Процесс умирания Бабеля-художника был долгий и мучительный. Не надо быть патологоанатомом, чтобы признаки его обнаружить уже в 1930 году на страницах «Гапы Гужвы», главы из романа «Великая криница», опубликованной в 31-м году, в самый канун беспримерного голода, устроенного ВКП(б) своему народу. Еще не утратила былой своей силы уникальная бабелевская техника — у кобылы «в глазах тряслось лошадиное безумие», «беснующаяся, режущая ночь набросилась» на Гапу Гужву, которая сама себя именует блядью, — но размашистые эти образы не к месту здесь: они были бы к месту там, в «Конармии», когда земля, что называется, горела под ногами, а здесь, в Великой Кринице, где «плясали на свадьбах с платочками, опустив глаза и топчась на месте», они воспринимаются как плод тяжкой писательской натуги. И не то причина, что события здесь уже не того масштаба — партия через уполномоченных реализует свой план поголовной коллективизации, но то, что летописец конармии, который и людей, и дела их обозревал с библейских высот, здесь в каждой строке то и дело сбивается с тона и никак не может определить для самого себя, с какой же точки следует ему вести свой обзор. А не может по той простой причине, что в романе про коллективизацию, особенно в «год великого перелома», как поименовал его сам Хозяин, уж никак нельзя было писателю оставаться самим собою, нельзя было сберечь свой «стиль видеть вещи», тем более свой еврейский «стиль видеть вещи». И прямая фальшь лежит, как говорили одесские евреи, всеми своими четырьмя лапками на каждом слове Гапы в ее разговоре с уполномоченным по коллективизации Ивашко: «Не брезговай нашим крестьянством… Ходи с нами каравай делить… все твои будем, представник, только завтра, не сегодня…» Заявка на беспременный, стопроцентный успех великой революции большевиков «сверху», которая, как говорил Хозяин, была равнозначна по своим последствиям революционному перевороту «снизу» в октябре семнадцатого года, как видим, уже сделана чуть не в первых строках: «все (не какое-то там меньшинство или даже большинство, а все! —
Сознавал ли Бабель уже тогда трагизм своего положения? Безусловно, сознавал. В один из своих наездов в Париж, в тридцать втором году, он обсуждал с Юрием Анненковым вариант «невозвращенца». Однако при всем своем знании французского языка — напомним, первые свои рассказы, мальчиком пятнадцати лет, Бабель написал по-французски — он не мог не задаться элементарным вопросом: а где заработать на кусок хлеба? На кусок хлеба, как он представлял себе, можно заработать за баранкой, таксистом. Имеются сведения, что он сдавал и экзамен на шоферские права. Но, Боже мой, это перспектива для Бабеля — крутить, пусть даже в обожаемой Франции, в самом Париже, баранку, чтобы иметь на кусок хлеба?!
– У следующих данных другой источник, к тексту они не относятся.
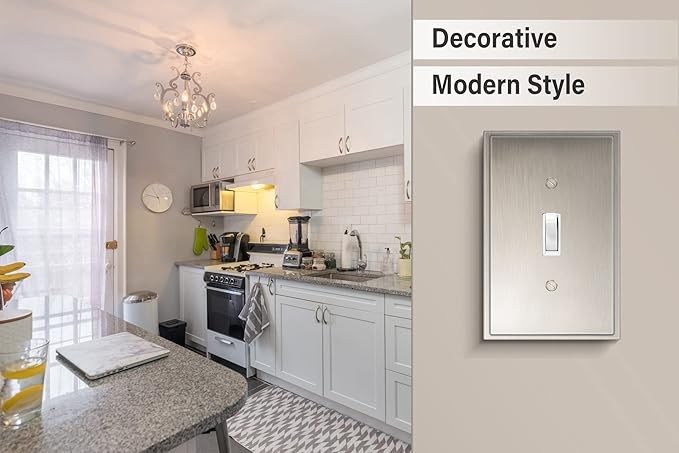 Henne Bery Soft Modern Decorative Wall Plate Switch Plate Outlet Cover (Single Toggle 2PK, Satin Nickel)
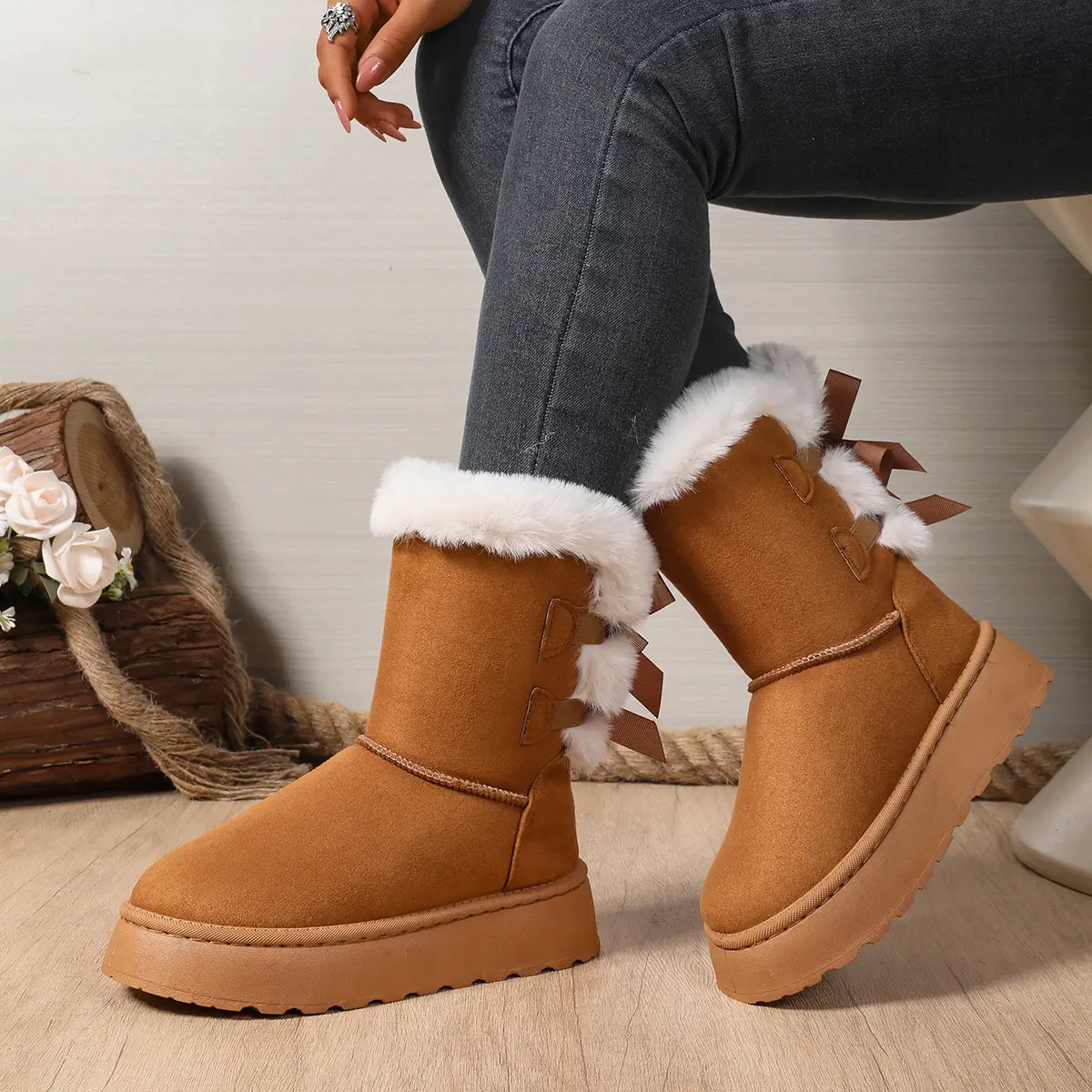 Women's Warm Thicken Plush Snow Boots 2025 Winter Bowtie Thick Platform Ankle Boots Woman Slip On Non Slip Cotton Padded Shoes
Что пользы гадать сегодня, было бы ли для Бабеля лучше остаться тогда во Франции. «Кривое не может сделаться прямым, и чего нет, того нельзя считать». Однако мы, не обладающие мудростью Екклесиаста, готовы помахать после драки кулаками. Хотя всего-то махания будет, что помянуть судьбу бесподобного Замятина, который пять лет метался как угорелый по улицам Парижа, строчил какие-то сценарии и на вопрос Ремизова — встретились на базаре, Ремизов шел за картошкой — «Когда же заговорите своим голосом?» — Замятин, превозмогая одышку от грудной жабы, с улыбкой, как рассказывают, ответил: «Будет». А «будет» это обернулось мартовским волглым утром тридцать седьмого года, парижской улицей Раффэ, да крутой лестницей, такой узкой, что гроб пришлось спускать в вертикальном положении.
Ну, к этому можно помянуть еще Нобелевского лауреата Ивана Бунина, положенного во гроб в штопаном, с заплатами, костюме.
Можно помянуть еще Бориса Поплавского, поэта, художника, покончившего самоубийством, соседа Евгения Замятина по кладбищу в Тие.
Можно… Да нет, хватит и того: эмиграция есть эмиграция, и никому, ни в какие времена не давалось это легко — быть пришельцем в чужой стране.
Бабель не захотел быть пришельцем в чужой стране. Бабель, уроженец Ханаана, как именовал тысячу лет назад теперешние земли по Днестру, Бугу и Днепру великий Саадия-гаон, предпочел остаться дома: «…мы — из России — тоскуем по ветру больших мыслей и больших страстей».
Однако идет ветер к югу и переходит к северу, кружится, кружится на ходу своем, и возвращается ветер на круги свои. И вот мы опять задаемся вопросом: а была ли Россия домом?